Iterative stencil computations arise in many application domains, ranging from medical imaging to numerical simulation. Since they are computationally demanding, a large body of work addressed the problem of parallelizing and optimizing stencils for multi-cores, GPUs, and FPGAs. Earlier attempts targeting FPGAs showed that the performance of such accelerators is the result of a complex interplay between the FPGA's raw computing power, the amount of on-chip memory it has, and the performance of the external memory system. They also illustrate how each application may have different requirements. For example, in the context of embedded vision, the designer's goal is often to find the design with minimum cost that matches real-time performance constraints (e.g., 4K@60fps). In an exascale context, the designer's goal is to maximize performance (measured in ops-per-second) for a given FPGA board, while maintaining power dissipation to a minimum. Based on these observations, we explore a family of design options that can accommodate a large set of requirements and constraints, by exposing trade-offs between computing power, bandwidth requirements, and FPGA resource usage. We have developed a code generator that produces HLS-optimized C/C++ descriptions of accelerator instances targeting emerging System on Chip platforms, (e.g., Xilinx Zynq or Intel SoC). Our family of designs builds upon the well-known tiling transformation, which we use to balance on-chip memory cost and off-chip bandwidth. To ease the exploration of this design space, we propose performance models to hone in on the most interesting design points, and show how they accurately lead to optimal designs. Our results demonstrate that the optimal choice depends on problem sizes and performance goals [30].
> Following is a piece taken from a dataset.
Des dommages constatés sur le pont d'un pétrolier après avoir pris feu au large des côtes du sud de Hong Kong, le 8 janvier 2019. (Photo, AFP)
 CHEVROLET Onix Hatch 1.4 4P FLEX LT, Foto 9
Energy-driven Accelerator Exploration for Heterogeneous Multiprocessor Architectures

Participants : Baptiste Roux, Olivier Sentieys.
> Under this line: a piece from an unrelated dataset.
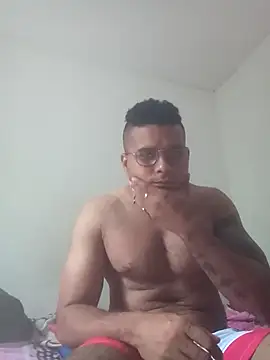 Snapshot of SaucyAffair0 chatting on May 29, 2026, 5:19 pm SaucyAffair0 online show from May 29, 2026, 5:19 pm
Programming heterogeneous multiprocessor architectures combining multiple processor cores and hardware accelerators is a real challenge. Computer-aided design and development tools try to reduce the large design space by simplifying hardware software mapping mechanisms. However, energy consumption is not well supported in most of design space exploration methodologies due to the difficulty to fast and accurately estimate energy consumption. To this aim,we proposed and validated an exploration method for partitioning applications on software cores and hardware accelerators under energy-efficiency constraints. The methodology is based on energy and performance measurement of a tiny subset of the design space and an analytical formulation of the performance and energy of an application kernel mapped on a heterogeneous architecture. This closed-form expression is captured and solved using Mixed Integer Linear Programming, which allows for very fast exploration resulting in the optimal solution. The approach is validated on two applications kernels using Zynq-based architecture showing more than 12% acceleration speed-up and energy saving compared to standard approaches. Results also show that the most energy-efficient solution is application- and platform-dependent and moreover hardly predictable, which highlights the need for fast exploration.